On Oct 2, 2012, at 3:49 PM, Mark Friedenbach wrote:

> Well it's hard to boil it down to a specific test case, as it affects the 
> underlying assumptions that went into the design of ORM-tree. Here's an 
> explanation of what I'm doing, and perhaps you can tell me if I'm (ab)using 
> the API correctly:
> 
> The meat of the code is a mapper extension whose insert, update, and delete 
> hooks execute SQL expressions directly to update the nested-interval tree 
> parameters. For efficiency I use the SQL expression layer and then manually 
> update the working set of ORM objects to reflect the new state.
> 
> In essence:
> 
>     connection.execute(...update in sql expression language...)

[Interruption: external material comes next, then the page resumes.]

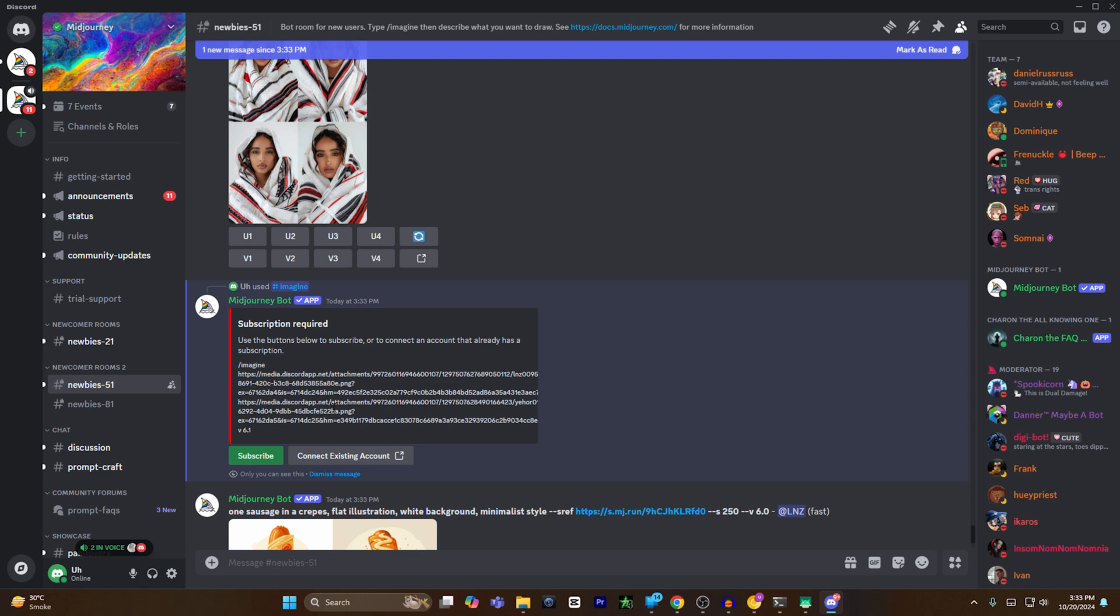That's how you can combine two images in Midjourney. If you find this video helpful, please hit the like button and don't forget to subscribe.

>     for obj in session.identity_map:
>         ...same update, as python...
> 
> (The session.identity_map is accessible to the mapper extension because it 
> was tucked away as a hidden attribute in the object in a session extension 
> before_flush handler.)
> 
> As far as I can tell, the update to the session objects is now triggering a 
> 2nd flush, even though the purpose of the update was to refresh the objects 
> with their current database values. On the 2nd flush the SQL expression 
> updates get executed again, resulting in a corrupt database.
> 
> Any red flags in what I'm doing?

Basically, when the flush is finished, session.dirty, session.new and 
session.deleted should be empty.  If you add a quick after_flush_postexec() 

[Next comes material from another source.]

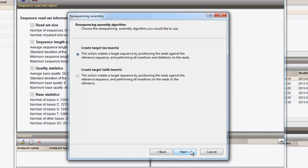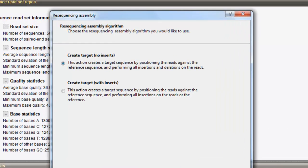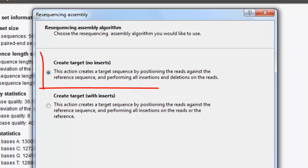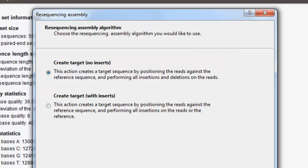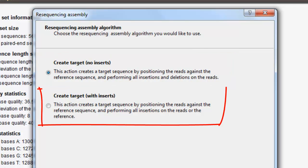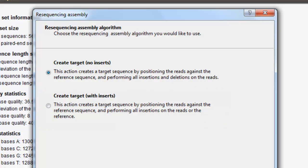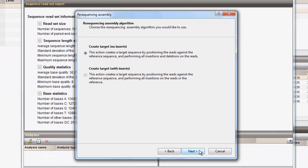Two types of resequencing algorithms can be used. The first option creates a target sequence without inserts, resulting in a target sequence which follows the same frame as the reference sequence. The second option allows to perform inserts on both the reads and the reference sequence. In this specific example, we will maintain the frame of the reference sequence and choose the first option to create a target without inserts.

event, and inside the event assert that these are all empty, then you shouldn't 
get any subsequent flush.

If session.dirty is acquiring state due to attribute set events, as I see a lot 
of setattr() going on, you can set attributes without establishing history 
using set_committed_value(): 
http://docs.sqlalchemy.org/en/rel_0_7/orm/session.html#sqlalchemy.orm.attributes.set_committed_value
 .  However, if that's in fact what's happening, I might need to look into that 
because the "dirty" state of attributes should be unconditionally reset before 
the flush completes.  I just did a test to confirm that, so I'd be curious to 
see a test (unless I can come up with one here) that illustrates plain 
setattr() of a column-based attribute causing a second flush.   In theory it 
would be only .new and .dirty that might have state after the flush completes.